= Beginning of Section =

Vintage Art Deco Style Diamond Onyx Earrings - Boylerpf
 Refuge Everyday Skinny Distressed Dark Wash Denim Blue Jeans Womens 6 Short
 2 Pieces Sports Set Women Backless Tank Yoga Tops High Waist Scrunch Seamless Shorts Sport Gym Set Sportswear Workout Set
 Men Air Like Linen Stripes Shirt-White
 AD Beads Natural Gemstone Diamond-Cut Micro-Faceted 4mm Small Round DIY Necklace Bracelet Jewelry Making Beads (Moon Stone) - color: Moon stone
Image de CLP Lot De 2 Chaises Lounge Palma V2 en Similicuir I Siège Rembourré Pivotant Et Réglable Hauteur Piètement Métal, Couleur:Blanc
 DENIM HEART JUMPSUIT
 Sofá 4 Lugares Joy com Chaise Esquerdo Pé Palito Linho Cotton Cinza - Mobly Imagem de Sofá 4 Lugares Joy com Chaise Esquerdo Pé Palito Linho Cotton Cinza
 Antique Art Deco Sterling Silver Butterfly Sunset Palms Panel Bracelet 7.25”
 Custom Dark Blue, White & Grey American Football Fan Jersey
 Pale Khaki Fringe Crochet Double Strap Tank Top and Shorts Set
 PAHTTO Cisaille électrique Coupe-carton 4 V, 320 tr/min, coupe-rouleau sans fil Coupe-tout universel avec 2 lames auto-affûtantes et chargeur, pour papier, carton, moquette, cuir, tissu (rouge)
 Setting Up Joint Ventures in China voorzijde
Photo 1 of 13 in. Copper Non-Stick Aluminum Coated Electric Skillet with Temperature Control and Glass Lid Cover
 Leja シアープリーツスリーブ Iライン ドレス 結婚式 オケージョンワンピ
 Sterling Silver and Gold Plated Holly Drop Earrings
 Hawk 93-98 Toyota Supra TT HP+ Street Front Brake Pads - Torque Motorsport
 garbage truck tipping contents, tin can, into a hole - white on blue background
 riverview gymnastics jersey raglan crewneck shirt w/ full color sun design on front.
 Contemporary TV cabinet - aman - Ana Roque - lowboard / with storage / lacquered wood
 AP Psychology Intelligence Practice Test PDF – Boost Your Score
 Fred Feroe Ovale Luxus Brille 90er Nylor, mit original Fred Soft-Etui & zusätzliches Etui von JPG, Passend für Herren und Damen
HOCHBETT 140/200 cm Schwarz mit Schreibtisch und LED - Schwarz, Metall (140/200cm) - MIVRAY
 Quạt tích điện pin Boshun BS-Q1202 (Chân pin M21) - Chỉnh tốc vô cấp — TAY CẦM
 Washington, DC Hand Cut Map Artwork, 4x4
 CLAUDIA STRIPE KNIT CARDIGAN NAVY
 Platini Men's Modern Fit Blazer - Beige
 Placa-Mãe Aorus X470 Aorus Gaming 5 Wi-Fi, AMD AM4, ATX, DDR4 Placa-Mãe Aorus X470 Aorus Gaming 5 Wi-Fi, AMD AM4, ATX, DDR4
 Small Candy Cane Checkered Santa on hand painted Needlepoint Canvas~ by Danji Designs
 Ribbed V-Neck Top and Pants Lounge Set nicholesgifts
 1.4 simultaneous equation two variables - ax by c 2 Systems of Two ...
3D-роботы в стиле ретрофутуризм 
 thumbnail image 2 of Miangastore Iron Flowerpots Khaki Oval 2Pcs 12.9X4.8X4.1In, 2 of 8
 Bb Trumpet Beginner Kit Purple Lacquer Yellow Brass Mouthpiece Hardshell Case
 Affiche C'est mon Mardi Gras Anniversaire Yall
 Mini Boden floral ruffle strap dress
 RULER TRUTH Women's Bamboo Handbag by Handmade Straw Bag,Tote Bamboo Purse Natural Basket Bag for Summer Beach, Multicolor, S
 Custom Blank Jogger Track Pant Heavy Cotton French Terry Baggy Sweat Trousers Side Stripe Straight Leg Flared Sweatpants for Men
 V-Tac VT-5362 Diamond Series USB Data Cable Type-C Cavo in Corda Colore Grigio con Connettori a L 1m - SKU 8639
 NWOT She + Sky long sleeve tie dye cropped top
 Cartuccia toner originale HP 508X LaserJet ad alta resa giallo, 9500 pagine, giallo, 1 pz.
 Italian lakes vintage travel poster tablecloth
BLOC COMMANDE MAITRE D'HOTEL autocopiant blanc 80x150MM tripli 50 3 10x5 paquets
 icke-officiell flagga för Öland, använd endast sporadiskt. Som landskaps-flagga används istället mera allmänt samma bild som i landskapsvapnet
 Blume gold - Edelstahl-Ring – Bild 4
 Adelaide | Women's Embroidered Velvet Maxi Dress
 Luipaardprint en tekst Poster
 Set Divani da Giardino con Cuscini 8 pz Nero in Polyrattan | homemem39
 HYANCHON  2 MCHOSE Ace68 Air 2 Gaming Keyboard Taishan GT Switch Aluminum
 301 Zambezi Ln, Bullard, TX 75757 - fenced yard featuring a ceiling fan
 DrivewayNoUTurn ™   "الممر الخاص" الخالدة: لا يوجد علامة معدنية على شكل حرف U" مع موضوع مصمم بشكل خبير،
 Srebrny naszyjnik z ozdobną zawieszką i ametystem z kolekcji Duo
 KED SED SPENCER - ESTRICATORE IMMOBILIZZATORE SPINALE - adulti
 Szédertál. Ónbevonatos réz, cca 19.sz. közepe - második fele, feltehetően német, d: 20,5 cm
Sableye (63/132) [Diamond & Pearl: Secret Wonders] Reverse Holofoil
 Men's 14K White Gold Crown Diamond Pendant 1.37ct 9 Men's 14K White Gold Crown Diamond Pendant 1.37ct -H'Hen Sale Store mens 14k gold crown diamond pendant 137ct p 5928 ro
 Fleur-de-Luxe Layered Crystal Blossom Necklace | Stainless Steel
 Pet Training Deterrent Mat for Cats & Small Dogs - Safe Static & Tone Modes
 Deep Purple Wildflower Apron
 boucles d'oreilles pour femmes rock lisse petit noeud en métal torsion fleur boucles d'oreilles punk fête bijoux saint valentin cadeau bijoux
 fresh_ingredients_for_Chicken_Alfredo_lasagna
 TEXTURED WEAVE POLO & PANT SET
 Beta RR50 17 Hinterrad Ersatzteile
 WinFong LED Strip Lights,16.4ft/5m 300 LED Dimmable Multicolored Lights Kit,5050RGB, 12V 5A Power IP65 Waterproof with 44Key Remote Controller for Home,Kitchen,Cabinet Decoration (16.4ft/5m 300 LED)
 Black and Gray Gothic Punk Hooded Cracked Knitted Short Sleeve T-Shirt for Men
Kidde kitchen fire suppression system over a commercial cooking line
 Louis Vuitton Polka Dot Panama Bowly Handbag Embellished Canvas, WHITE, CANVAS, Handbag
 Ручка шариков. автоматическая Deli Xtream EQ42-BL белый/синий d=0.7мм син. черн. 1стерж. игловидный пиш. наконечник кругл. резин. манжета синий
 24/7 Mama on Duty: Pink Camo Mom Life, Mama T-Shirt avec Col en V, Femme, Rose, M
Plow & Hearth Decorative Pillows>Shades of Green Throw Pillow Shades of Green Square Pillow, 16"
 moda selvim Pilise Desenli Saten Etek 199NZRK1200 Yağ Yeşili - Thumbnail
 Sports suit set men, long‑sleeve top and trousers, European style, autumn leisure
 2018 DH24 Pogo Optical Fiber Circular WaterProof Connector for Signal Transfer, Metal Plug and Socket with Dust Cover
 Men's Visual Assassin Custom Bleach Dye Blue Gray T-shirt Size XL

= End of Section =

Return all of the data word for word.

Your solution |
Vintage Art Deco Style Diamond Onyx Earrings - Boylerpf
 Refuge Everyday Skinny Distressed Dark Wash Denim Blue Jeans Womens 6 Short
 2 Pieces Sports Set Women Backless Tank Yoga Tops High Waist Scrunch Seamless Shorts Sport Gym Set Sportswear Workout Set
 Men Air Like Linen Stripes Shirt-White
 AD Beads Natural Gemstone Diamond-Cut Micro-Faceted 4mm Small Round DIY Necklace Bracelet Jewelry Making Beads (Moon Stone) - color: Moon stone
Image de CLP Lot De 2 Chaises Lounge Palma V2 en Similicuir I Siège Rembourré Pivotant Et Réglable Hauteur Piètement Métal, Couleur:Blanc
 DENIM HEART JUMPSUIT
 Sofá 4 Lugares Joy com Chaise Esquerdo Pé Palito Linho Cotton Cinza - Mobly Imagem de Sofá 4 Lugares Joy com Chaise Esquerdo Pé Palito Linho Cotton Cinza
 Antique Art Deco Sterling Silver Butterfly Sunset Palms Panel Bracelet 7.25”
 Custom Dark Blue, White & Grey American Football Fan Jersey
 Pale Khaki Fringe Crochet Double Strap Tank Top and Shorts Set
 PAHTTO Cisaille électrique Coupe-carton 4 V, 320 tr/min, coupe-rouleau sans fil Coupe-tout universel avec 2 lames auto-affûtantes et chargeur, pour papier, carton, moquette, cuir, tissu (rouge)
 Setting Up Joint Ventures in China voorzijde
Photo 1 of 13 in. Copper Non-Stick Aluminum Coated Electric Skillet with Temperature Control and Glass Lid Cover
 Leja シアープリーツスリーブ Iライン ドレス 結婚式 オケージョンワンピ
 Sterling Silver and Gold Plated Holly Drop Earrings
 Hawk 93-98 Toyota Supra TT HP+ Street Front Brake Pads - Torque Motorsport
 garbage truck tipping contents, tin can, into a hole - white on blue background
 riverview gymnastics jersey raglan crewneck shirt w/ full color sun design on front.
 Contemporary TV cabinet - aman - Ana Roque - lowboard / with storage / lacquered wood
 AP Psychology Intelligence Practice Test PDF – Boost Your Score
 Fred Feroe Ovale Luxus Brille 90er Nylor, mit original Fred Soft-Etui & zusätzliches Etui von JPG, Passend für Herren und Damen
HOCHBETT 140/200 cm Schwarz mit Schreibtisch und LED - Schwarz, Metall (140/200cm) - MIVRAY
 Quạt tích điện pin Boshun BS-Q1202 (Chân pin M21) - Chỉnh tốc vô cấp — TAY CẦM
 Washington, DC Hand Cut Map Artwork, 4x4
 CLAUDIA STRIPE KNIT CARDIGAN NAVY
 Platini Men's Modern Fit Blazer - Beige
 Placa-Mãe Aorus X470 Aorus Gaming 5 Wi-Fi, AMD AM4, ATX, DDR4 Placa-Mãe Aorus X470 Aorus Gaming 5 Wi-Fi, AMD AM4, ATX, DDR4
 Small Candy Cane Checkered Santa on hand painted Needlepoint Canvas~ by Danji Designs
 Ribbed V-Neck Top and Pants Lounge Set nicholesgifts
 1.4 simultaneous equation two variables - ax by c 2 Systems of Two ...
3D-роботы в стиле ретрофутуризм 
 thumbnail image 2 of Miangastore Iron Flowerpots Khaki Oval 2Pcs 12.9X4.8X4.1In, 2 of 8
 Bb Trumpet Beginner Kit Purple Lacquer Yellow Brass Mouthpiece Hardshell Case
 Affiche C'est mon Mardi Gras Anniversaire Yall
 Mini Boden floral ruffle strap dress
 RULER TRUTH Women's Bamboo Handbag by Handmade Straw Bag,Tote Bamboo Purse Natural Basket Bag for Summer Beach, Multicolor, S
 Custom Blank Jogger Track Pant Heavy Cotton French Terry Baggy Sweat Trousers Side Stripe Straight Leg Flared Sweatpants for Men
 V-Tac VT-5362 Diamond Series USB Data Cable Type-C Cavo in Corda Colore Grigio con Connettori a L 1m - SKU 8639
 NWOT She + Sky long sleeve tie dye cropped top
 Cartuccia toner originale HP 508X LaserJet ad alta resa giallo, 9500 pagine, giallo, 1 pz.
 Italian lakes vintage travel poster tablecloth
BLOC COMMANDE MAITRE D'HOTEL autocopiant blanc 80x150MM tripli 50 3 10x5 paquets
 icke-officiell flagga för Öland, använd endast sporadiskt. Som landskaps-flagga används istället mera allmänt samma bild som i landskapsvapnet
 Blume gold - Edelstahl-Ring – Bild 4
 Adelaide | Women's Embroidered Velvet Maxi Dress
 Luipaardprint en tekst Poster
 Set Divani da Giardino con Cuscini 8 pz Nero in Polyrattan | homemem39
 HYANCHON  2 MCHOSE Ace68 Air 2 Gaming Keyboard Taishan GT Switch Aluminum
 301 Zambezi Ln, Bullard, TX 75757 - fenced yard featuring a ceiling fan
 DrivewayNoUTurn ™   "الممر الخاص" الخالدة: لا يوجد علامة معدنية على شكل حرف U" مع موضوع مصمم بشكل خبير،
 Srebrny naszyjnik z ozdobną zawieszką i ametystem z kolekcji Duo
 KED SED SPENCER - ESTRICATORE IMMOBILIZZATORE SPINALE - adulti
 Szédertál. Ónbevonatos réz, cca 19.sz. közepe - második fele, feltehetően német, d: 20,5 cm
Sableye (63/132) [Diamond & Pearl: Secret Wonders] Reverse Holofoil
 Men's 14K White Gold Crown Diamond Pendant 1.37ct 9 Men's 14K White Gold Crown Diamond Pendant 1.37ct -H'Hen Sale Store mens 14k gold crown diamond pendant 137ct p 5928 ro
 Fleur-de-Luxe Layered Crystal Blossom Necklace | Stainless Steel
 Pet Training Deterrent Mat for Cats & Small Dogs - Safe Static & Tone Modes
 Deep Purple Wildflower Apron
 boucles d'oreilles pour femmes rock lisse petit noeud en métal torsion fleur boucles d'oreilles punk fête bijoux saint valentin cadeau bijoux
 fresh_ingredients_for_Chicken_Alfredo_lasagna
 TEXTURED WEAVE POLO & PANT SET
 Beta RR50 17 Hinterrad Ersatzteile
 WinFong LED Strip Lights,16.4ft/5m 300 LED Dimmable Multicolored Lights Kit,5050RGB, 12V 5A Power IP65 Waterproof with 44Key Remote Controller for Home,Kitchen,Cabinet Decoration (16.4ft/5m 300 LED)
 Black and Gray Gothic Punk Hooded Cracked Knitted Short Sleeve T-Shirt for Men
Kidde kitchen fire suppression system over a commercial cooking line
 Louis Vuitton Polka Dot Panama Bowly Handbag Embellished Canvas, WHITE, CANVAS, Handbag
 Ручка шариков. автоматическая Deli Xtream EQ42-BL белый/синий d=0.7мм син. черн. 1стерж. игловидный пиш. наконечник кругл. резин. манжета синий
 24/7 Mama on Duty: Pink Camo Mom Life, Mama T-Shirt avec Col en V, Femme, Rose, M
Plow & Hearth Decorative Pillows>Shades of Green Throw Pillow Shades of Green Square Pillow, 16"
 moda selvim Pilise Desenli Saten Etek 199NZRK1200 Yağ Yeşili - Thumbnail
 Sports suit set men, long‑sleeve top and trousers, European style, autumn leisure
 2018 DH24 Pogo Optical Fiber Circular WaterProof Connector for Signal Transfer, Metal Plug and Socket with Dust Cover
 Men's Visual Assassin Custom Bleach Dye Blue Gray T-shirt Size XL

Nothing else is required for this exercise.